Wednesday I heard a miracle. Twice.

Twenty-seven singers from La Sierra University, in California, had found their way to Kettering, Ohio. Under Director Earl Richards, they sang a lunchtime concert for Kettering College students, faculty and staff, and later sang a “devotional” for Kettering Medical Center leaders.

The singers asked, “Who’ll Be a Witness?” They prayed, “Precious Lord, Take My Hand.” These songs befit the healthcare environment the way mercy befits a bedside.

Considering Western culture’s swift swerve toward cynicism and self-regard, songs of faith stand out for me like come-from-behind victories on the sports field, or marriages climbing back from a funk or a fall. As I was admiring the grace and sublimity of the performances, I was also telling myself: “This is miraculous.” Here was hope, defiantly alive and beautifully expressed.

But why here?  Why were these Southern Californians singing at a Medical Center in Southwestern Ohio?

Well, that takes us to the part about the deep sadness. The choir’s spring-break tour was meant, at first, to go through Michigan, where more than one Adventist Academy would have welcomed a visit. But La Sierra has become famous in Adventism for challenges associated with straightforward science done in the context of straightforward faith. These challenges are difficult for believers of every stripe. Questions that trouble Adventist scientists—even where such questions are suppressed—leave us all scratching our heads and praying for insight.

Precisely because it cannot abide teachers who engage in honest struggle with regard to these matters, the leadership of the Michigan Conference saw fit to shun La Sierra’s singers. It forbade performances at Michigan venues that were at first ready to extend them a welcome.

Was what happened is a sheer vulgarity or an easily forgiven lapse in judgment? Either way, it left me with a deep sadness. How could a sense of spiritual superiority culminate in such disregard for the beauty of Adventist singing from an Adventist university?

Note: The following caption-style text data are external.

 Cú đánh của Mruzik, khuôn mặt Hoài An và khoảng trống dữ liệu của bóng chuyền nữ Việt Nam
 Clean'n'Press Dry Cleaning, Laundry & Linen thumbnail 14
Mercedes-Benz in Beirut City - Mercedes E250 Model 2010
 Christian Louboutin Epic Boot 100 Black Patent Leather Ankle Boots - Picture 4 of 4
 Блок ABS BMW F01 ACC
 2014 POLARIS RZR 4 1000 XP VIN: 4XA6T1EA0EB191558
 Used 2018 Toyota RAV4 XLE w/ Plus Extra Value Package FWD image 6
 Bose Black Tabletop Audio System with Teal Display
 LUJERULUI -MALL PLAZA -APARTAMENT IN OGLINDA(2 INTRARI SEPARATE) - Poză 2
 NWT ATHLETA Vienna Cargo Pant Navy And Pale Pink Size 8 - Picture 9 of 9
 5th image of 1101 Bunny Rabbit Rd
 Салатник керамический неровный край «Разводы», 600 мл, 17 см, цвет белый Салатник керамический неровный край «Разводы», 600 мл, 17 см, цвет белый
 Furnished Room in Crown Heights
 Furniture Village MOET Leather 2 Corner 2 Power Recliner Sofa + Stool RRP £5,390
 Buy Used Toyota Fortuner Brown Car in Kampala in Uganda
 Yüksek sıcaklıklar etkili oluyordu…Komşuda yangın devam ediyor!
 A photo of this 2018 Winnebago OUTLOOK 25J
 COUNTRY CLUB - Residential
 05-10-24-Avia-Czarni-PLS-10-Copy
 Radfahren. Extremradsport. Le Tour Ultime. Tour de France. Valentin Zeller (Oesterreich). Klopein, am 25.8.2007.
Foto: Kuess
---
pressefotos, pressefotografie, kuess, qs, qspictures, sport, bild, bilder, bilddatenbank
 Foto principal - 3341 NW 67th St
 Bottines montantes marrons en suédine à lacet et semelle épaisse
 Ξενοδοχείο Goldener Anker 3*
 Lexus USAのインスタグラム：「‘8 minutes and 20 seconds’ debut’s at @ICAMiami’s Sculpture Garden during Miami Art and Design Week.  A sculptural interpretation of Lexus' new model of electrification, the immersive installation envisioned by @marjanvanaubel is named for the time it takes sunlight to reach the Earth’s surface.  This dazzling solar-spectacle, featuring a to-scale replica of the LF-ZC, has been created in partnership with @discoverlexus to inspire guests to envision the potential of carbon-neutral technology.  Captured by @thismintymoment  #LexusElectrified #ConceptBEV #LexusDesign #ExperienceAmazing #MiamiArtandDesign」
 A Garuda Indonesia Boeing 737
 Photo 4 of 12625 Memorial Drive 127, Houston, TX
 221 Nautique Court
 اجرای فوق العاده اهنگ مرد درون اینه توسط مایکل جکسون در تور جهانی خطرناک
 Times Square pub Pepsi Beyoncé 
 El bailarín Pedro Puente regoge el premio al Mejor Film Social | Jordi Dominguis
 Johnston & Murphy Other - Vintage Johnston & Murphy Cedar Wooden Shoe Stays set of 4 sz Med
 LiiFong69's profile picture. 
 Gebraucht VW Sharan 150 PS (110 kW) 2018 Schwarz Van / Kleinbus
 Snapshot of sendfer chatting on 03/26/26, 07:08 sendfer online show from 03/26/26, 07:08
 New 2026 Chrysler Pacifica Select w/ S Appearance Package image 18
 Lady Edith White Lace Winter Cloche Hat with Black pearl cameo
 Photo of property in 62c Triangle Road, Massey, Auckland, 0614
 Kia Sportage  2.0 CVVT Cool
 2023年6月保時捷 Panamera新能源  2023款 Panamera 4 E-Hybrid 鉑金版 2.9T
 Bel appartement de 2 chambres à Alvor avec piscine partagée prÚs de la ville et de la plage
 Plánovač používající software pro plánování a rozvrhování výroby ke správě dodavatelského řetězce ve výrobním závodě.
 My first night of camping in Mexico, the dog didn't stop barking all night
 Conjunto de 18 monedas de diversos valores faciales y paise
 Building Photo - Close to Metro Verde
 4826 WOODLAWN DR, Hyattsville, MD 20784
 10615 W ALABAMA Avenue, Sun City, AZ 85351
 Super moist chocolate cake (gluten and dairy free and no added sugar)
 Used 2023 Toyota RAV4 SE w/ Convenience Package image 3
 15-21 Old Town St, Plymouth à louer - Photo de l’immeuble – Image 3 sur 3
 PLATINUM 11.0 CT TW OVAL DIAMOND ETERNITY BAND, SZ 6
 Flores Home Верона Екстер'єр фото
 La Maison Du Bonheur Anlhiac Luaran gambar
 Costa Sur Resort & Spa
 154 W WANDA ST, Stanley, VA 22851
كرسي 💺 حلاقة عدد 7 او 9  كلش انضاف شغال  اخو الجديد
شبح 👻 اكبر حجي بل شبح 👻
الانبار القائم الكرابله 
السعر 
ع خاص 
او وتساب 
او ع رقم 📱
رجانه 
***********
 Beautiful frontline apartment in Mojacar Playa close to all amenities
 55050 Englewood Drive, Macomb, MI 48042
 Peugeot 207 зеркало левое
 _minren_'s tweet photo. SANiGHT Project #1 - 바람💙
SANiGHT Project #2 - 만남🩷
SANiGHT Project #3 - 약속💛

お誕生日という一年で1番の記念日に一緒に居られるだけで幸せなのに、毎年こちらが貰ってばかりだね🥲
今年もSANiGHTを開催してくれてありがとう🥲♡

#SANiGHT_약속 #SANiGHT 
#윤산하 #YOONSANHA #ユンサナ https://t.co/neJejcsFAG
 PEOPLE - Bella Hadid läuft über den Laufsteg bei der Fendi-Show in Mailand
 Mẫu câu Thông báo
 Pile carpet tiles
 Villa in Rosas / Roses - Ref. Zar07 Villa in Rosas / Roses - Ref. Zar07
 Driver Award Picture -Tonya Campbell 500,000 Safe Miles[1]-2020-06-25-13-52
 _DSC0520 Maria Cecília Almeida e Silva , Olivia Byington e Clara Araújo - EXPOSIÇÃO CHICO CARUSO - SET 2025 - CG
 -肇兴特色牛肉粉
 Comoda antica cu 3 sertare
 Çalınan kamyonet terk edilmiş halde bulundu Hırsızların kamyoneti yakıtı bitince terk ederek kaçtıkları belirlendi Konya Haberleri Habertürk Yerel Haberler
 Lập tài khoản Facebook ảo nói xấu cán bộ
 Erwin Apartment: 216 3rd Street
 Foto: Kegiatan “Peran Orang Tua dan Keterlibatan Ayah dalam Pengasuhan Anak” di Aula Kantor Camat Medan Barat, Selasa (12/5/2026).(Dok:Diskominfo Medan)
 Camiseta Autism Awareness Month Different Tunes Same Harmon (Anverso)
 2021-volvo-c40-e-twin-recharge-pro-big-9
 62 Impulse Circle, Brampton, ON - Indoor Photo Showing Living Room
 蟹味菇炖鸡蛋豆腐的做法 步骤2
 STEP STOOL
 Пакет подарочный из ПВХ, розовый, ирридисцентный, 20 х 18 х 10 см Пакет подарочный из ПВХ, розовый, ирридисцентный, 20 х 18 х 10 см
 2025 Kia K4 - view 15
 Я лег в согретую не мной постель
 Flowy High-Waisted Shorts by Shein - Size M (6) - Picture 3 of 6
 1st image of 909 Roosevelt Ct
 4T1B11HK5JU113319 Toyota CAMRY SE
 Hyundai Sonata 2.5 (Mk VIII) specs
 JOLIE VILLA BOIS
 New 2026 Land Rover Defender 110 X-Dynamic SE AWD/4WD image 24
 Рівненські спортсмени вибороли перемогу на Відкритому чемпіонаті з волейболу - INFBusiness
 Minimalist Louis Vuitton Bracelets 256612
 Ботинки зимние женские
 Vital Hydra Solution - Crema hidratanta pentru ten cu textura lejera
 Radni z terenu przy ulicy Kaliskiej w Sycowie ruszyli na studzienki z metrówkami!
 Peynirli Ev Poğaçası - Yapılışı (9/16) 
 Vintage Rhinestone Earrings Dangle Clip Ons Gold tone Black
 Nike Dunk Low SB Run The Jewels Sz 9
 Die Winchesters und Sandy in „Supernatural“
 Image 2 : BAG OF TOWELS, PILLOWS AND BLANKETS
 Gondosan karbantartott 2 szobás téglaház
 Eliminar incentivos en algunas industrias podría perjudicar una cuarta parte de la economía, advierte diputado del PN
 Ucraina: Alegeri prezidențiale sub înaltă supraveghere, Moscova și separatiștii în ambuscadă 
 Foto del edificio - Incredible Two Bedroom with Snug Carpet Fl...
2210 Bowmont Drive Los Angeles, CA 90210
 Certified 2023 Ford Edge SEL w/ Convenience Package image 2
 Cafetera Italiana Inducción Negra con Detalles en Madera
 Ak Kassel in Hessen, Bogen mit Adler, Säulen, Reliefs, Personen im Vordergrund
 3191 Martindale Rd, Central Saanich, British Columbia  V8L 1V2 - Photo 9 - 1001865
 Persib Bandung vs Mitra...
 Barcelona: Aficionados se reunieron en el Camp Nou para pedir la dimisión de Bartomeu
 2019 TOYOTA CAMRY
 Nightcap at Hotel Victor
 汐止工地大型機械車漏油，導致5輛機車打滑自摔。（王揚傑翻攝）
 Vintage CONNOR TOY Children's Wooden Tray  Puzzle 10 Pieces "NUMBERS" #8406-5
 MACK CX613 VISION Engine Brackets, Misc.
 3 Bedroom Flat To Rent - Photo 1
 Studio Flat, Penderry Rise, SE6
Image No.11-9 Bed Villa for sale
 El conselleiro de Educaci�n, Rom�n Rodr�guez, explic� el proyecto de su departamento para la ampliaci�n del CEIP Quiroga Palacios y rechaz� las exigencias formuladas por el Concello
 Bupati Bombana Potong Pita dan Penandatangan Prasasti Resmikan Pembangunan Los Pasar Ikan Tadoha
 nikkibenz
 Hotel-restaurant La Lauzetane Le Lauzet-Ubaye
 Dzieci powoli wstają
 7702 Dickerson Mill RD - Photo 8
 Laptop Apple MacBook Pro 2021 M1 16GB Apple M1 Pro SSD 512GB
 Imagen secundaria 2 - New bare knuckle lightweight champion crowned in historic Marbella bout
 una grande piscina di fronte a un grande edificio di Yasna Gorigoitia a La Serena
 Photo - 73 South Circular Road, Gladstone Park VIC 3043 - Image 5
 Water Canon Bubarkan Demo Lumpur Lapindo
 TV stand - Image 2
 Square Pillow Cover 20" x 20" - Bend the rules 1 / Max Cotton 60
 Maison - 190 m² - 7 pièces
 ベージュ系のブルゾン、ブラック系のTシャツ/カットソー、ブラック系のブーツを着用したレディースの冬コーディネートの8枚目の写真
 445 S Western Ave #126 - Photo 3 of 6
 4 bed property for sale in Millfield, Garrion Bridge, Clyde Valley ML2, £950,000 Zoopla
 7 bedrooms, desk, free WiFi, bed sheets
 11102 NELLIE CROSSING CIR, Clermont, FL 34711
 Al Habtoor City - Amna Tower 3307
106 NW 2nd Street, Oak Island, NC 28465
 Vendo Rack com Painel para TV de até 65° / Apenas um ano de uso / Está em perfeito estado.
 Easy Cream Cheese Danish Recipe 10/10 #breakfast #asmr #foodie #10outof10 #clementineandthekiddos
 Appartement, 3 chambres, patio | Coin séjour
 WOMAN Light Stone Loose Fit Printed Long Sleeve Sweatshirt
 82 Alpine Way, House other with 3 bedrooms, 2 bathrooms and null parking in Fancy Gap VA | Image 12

Only a few who heard the music knew the full story of why the choir came to Kettering. Those who did know the story, and thought of it the way I did, felt as if a miracle had trumped a deep sadness.  

Perhaps it was a small miracle, but these days good news a cynic might wave off for having little consequence can still heal the human heart—and advance the Reign of Christ. 

—Charles Scriven is president of Kettering College and chairs the Adventist Forum board.